The network’s English coverage soared in popularity, with traffic to Al Jazeera’s English website increasing 25-fold. (The network isn’t carried by most satellite providers in the U.S., which is another story).
Meanwhile the role of news organizations is changing. “Information is so ubiqutous,” Mohyeldin said.
“It’s no longer the information that news organizations have to provide, it’s the context.”
Context helps form a narrative from singular events, connecting them with history and analysis. That doesn’t require flashy graphics: Many of the most iconic images, he said, were simply of a camera positioned on a balcony overlooking Cairo’s Tahrir Square. “The people felt protected by the cameras,” he said. Maybe one reason Egypt’s regime tried so hard to hinder Al Jazeera’s coverage.
In addition to their own cameramen and correspondents, a lot of footage Al Jazeera aired came from ordinary citizens using their cellphones to capture what they were seeing. Does this make Egypt’s regime overthrow a “Twitter revolution” or a “Facebook revolution”? (A question mainly asked in Western media outlets amazed that people in other parts of the world use technology, too). Mohyeldin settled this almost in passing:
“These were the first revoltions in the information age,” he said. They were “powered by information.”
“The fear factor had been broken,” he added.
Do we know the Libyan rebels?
Mohyeldin’s experience and Al Jazeera’s success also demonstrate the importance of regional knowledge. He slammed Western media and pundits for repeating the claim that rebels in Libya were unkown to the West, who is now supporting them with airstrikes to prevent civilian casulaties. In the debate about the intervention, it has often been claimed that “we don’t know who the rebels are.”
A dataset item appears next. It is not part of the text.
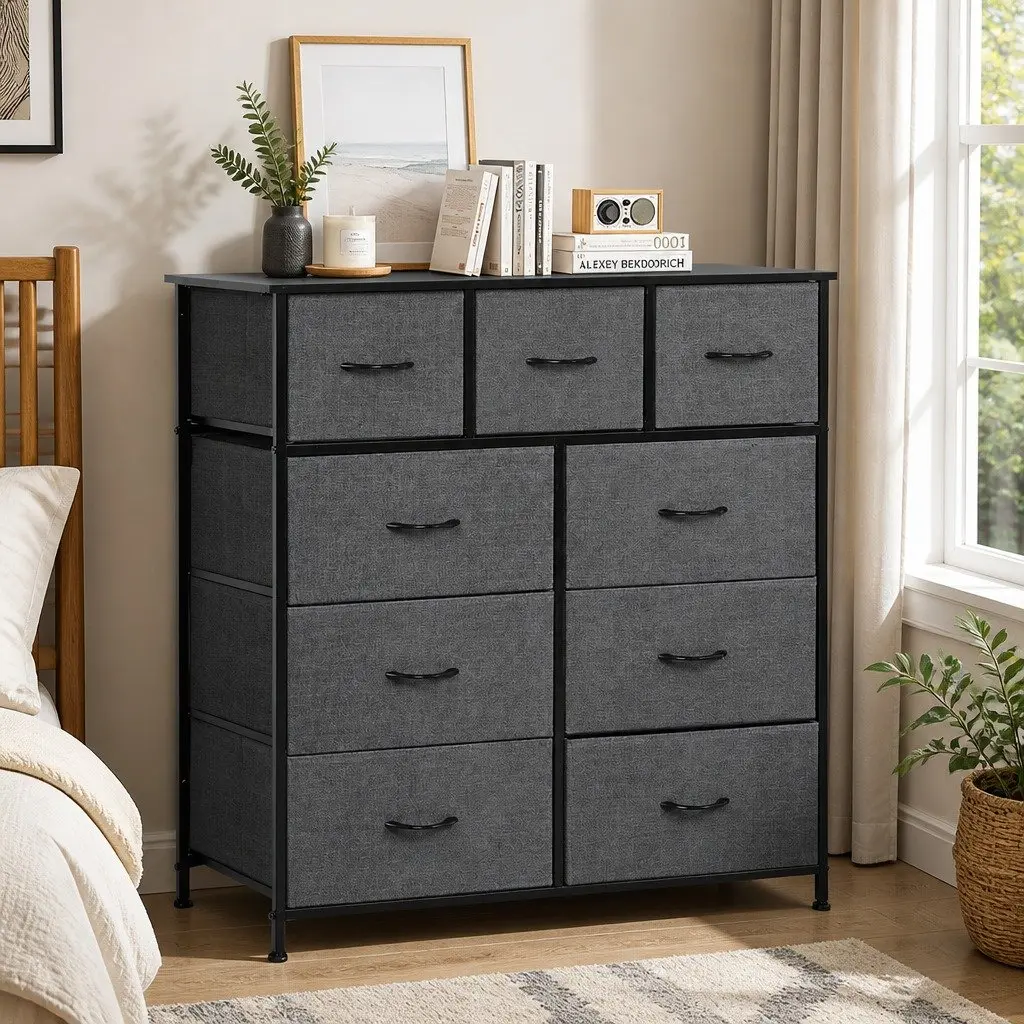 Chest of Drawers Storage Cabinet Grey 9 Drawer Tallboy Dresser MDF Steel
“We know exactly who they are,” Mohyeldin said. “They are Libyan people who don’t want to be ruled by Moammar Gadhafi. … If you speak to them, you know who they are.”
The road ahead
While Libyans are still fighting Gadhafi, Egyptians and Tunisians are faced with the question: What’s next?
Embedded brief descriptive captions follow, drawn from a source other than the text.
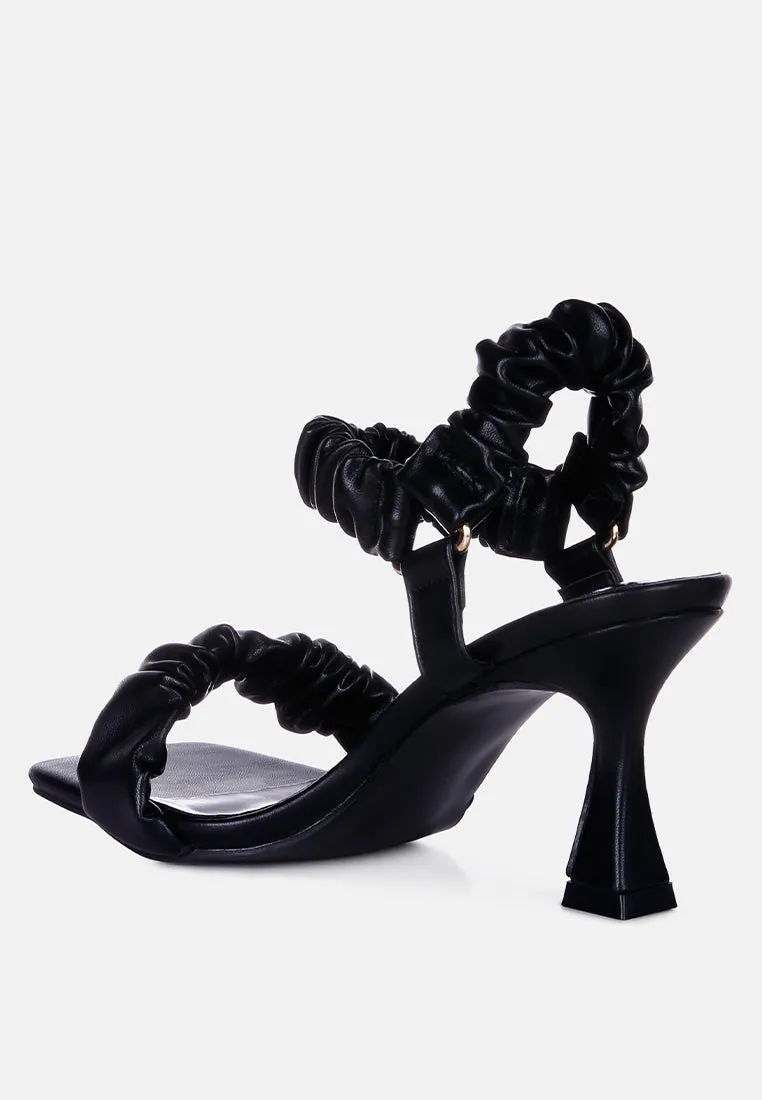 Merker Ruched Spool Heel Casual Sandals By Ruw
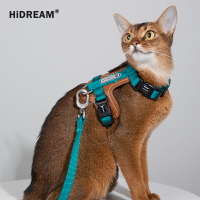 QZee HiDREAM皮革貓胸背帶套裝可調節工字防掙脫背心式貓咪牽引繩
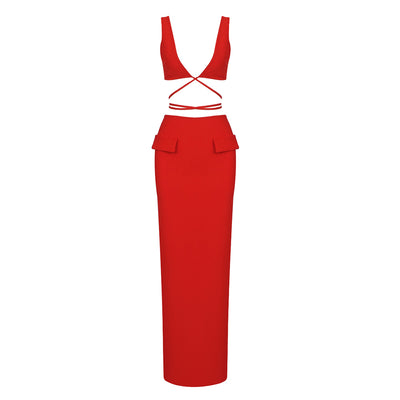 Rogo Hollow  Two Piece Set  Maxi Bandage Dress - Red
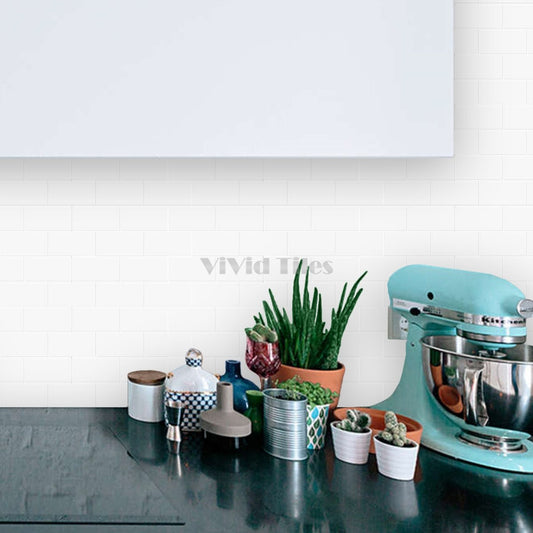 Thick 1.6mm 12.6*10.6 Inch Peel And Stick Pure White Brick Vinyl Wall Tile Home Decor Kitchen Bathroom Living Room VP216 by Vivid Tiles | Souqify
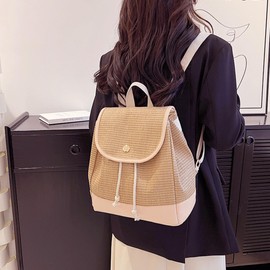 Meyaus Medium Women Straw Woven Backpack Flap Drawstring Daypack Beach Shoulders Bag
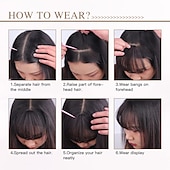 cheap Bangs-Bangs Hair Clip in Bangs Hair Wispy Bangs Clip on Fringe Bangs for Women Air Bangs Flat Neat Bangs with Temples Hairpieces for Daily Wear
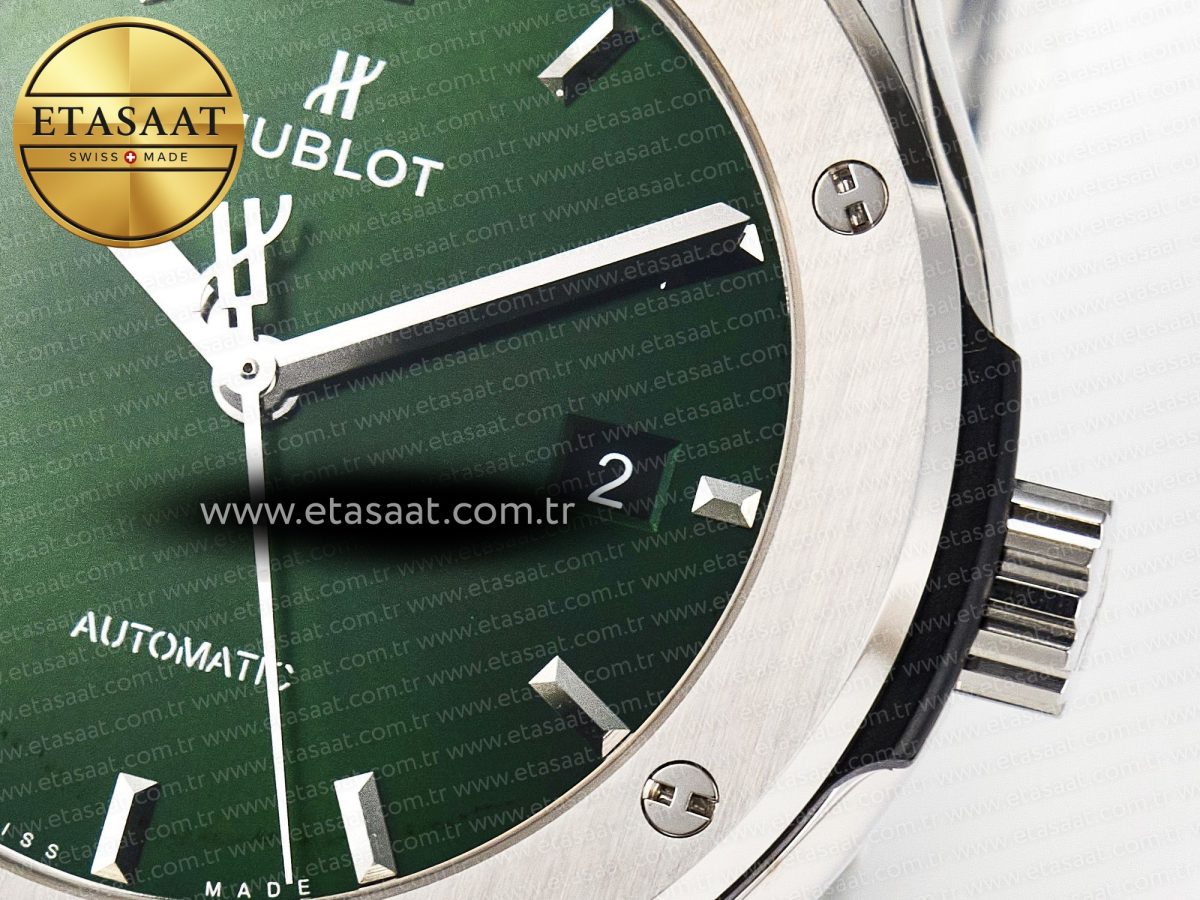 Hublot Classic Fusion 42mm SS JJF 1:1 Best Edition Green Dial on Green Gummy Leather Strap - Görsel 12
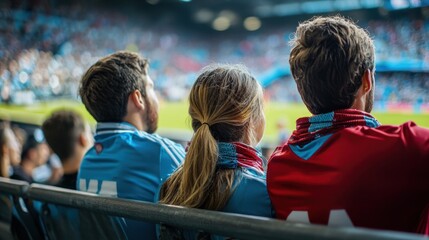 Fototapeta premium Fans watching a soccer championship game on TV, with jerseys and scarves on.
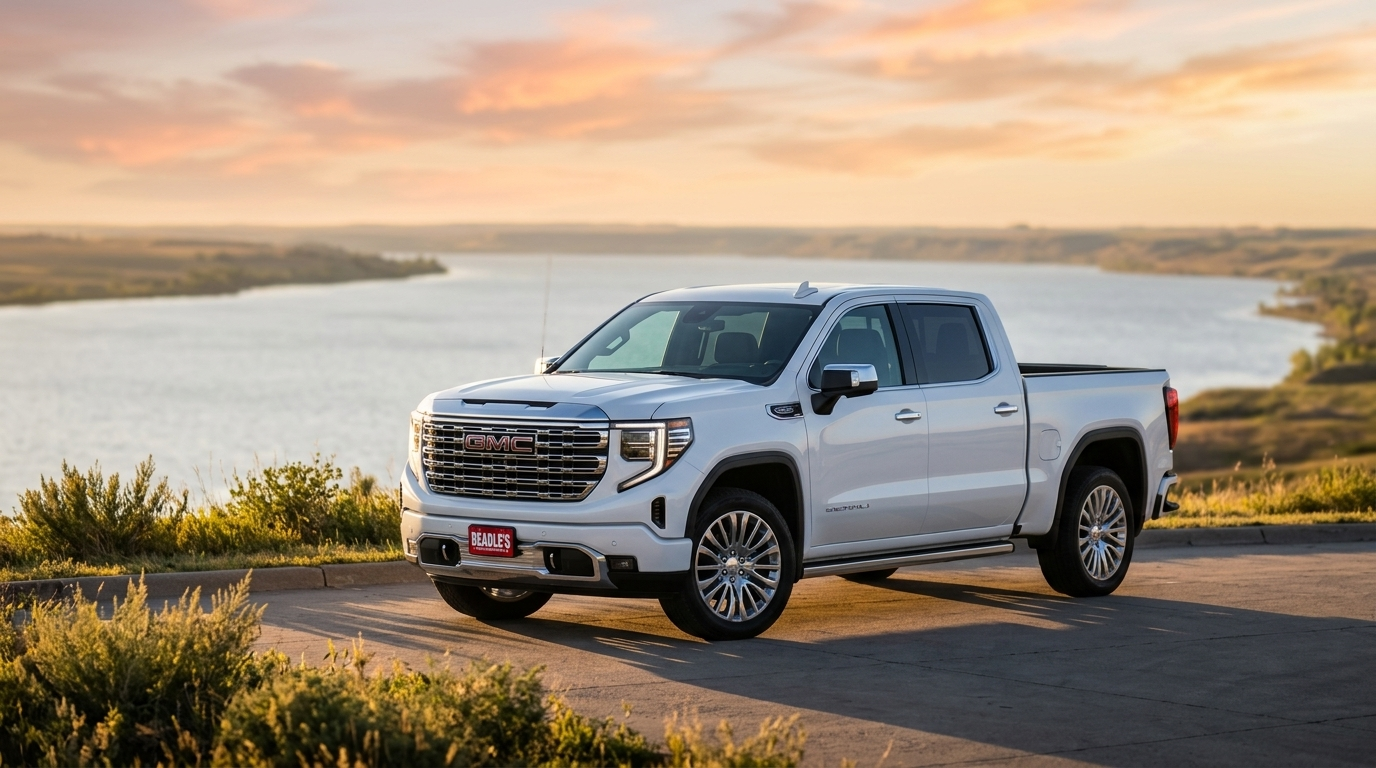GMC Sierra 1500 Denali parked above Lake Oahe at golden hour — Beadle Chevrolet, Mobridge SD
“Right now we don’t know which way the region is going to go,” Mohyeldin said, “but there is a great sense of optimism.” The most difficult part, however, may be yet to come as Tunisians and Egyptians are working to shape the state of the future, after having abolished the one of the past.
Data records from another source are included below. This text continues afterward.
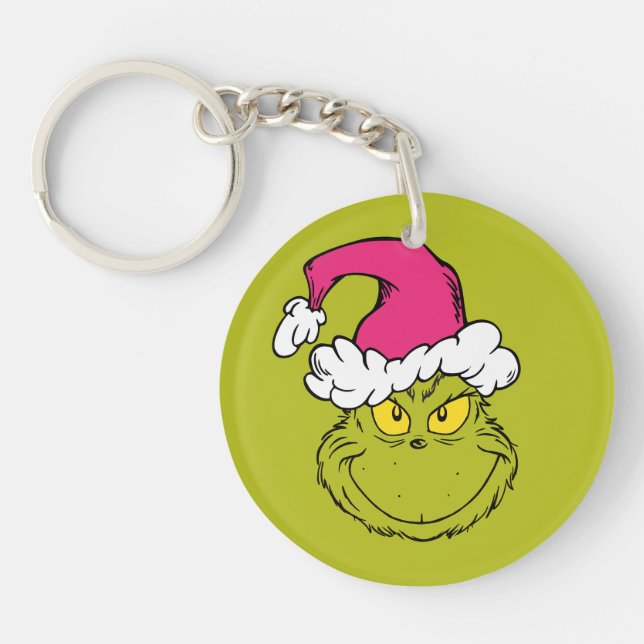 Grinch in Pink Santa Hat Keychain (Front)
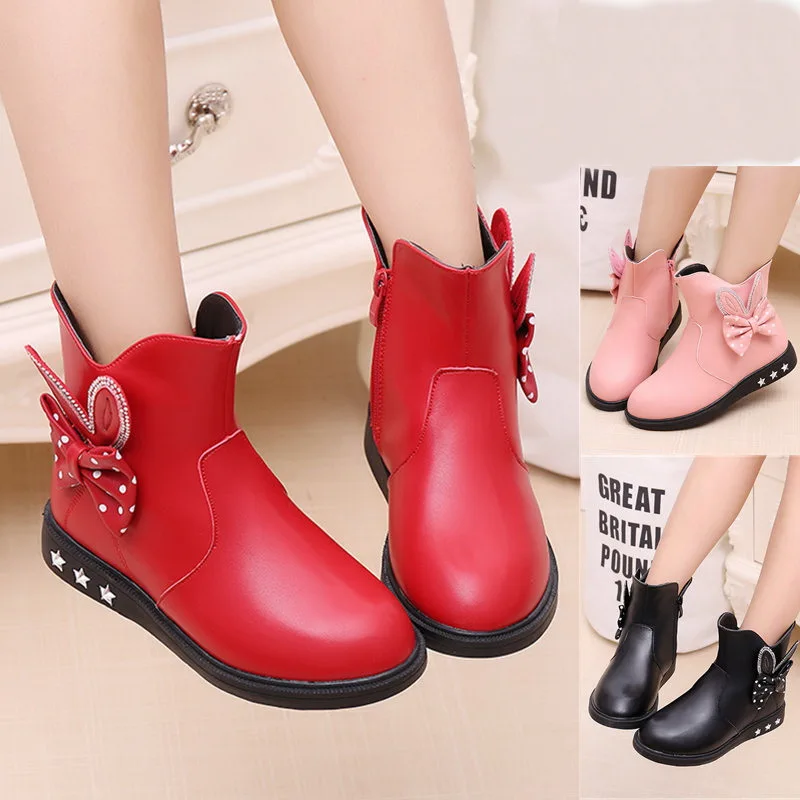 

Children's girls boots autumn and winter New Korean version of the Princess boots plus velvet snow boots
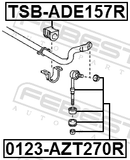 Febest TSB-ADE157R Rear Stabilizer Bar Bush D22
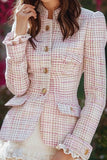 Light Pink Plaid Tweed Homecoming Outfits with Ruffles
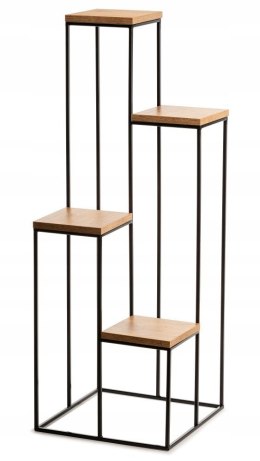 Nowoczesny kwietnik stojak 110 cm czarny Wykonany z metalu, prosty i stylowy stojak na kwiatki w kolorze czarnym z blatami z pły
“This is the part that’s gonna be harder for Egyptians, Tunisians and others,” he said. After the images of huge crowds, both fighting and jubilant, this transition period will be much slower and more difficult to tell on television. But “it requires information and discourse,” Mohyeldin said, pointing to the debate about the recent referendum in Egypt as an example. People were struggling to set the pace of change: “Egypt takes two steps forward and one step back.”
One man can change a region
Mohyeldin described that while each country has its own distinct features, the uprisings sweeping the region are connected. He travelled to the Tunisian village of Sidi Bouzid, where a local man lit himself on fire, setting in motion the events that have so far toppled two regimes. “People in Sidi Bouzid hold their heads so high,” he said.
“Let it be told that the power of one man to change an entire region is what we are witnessing right now.”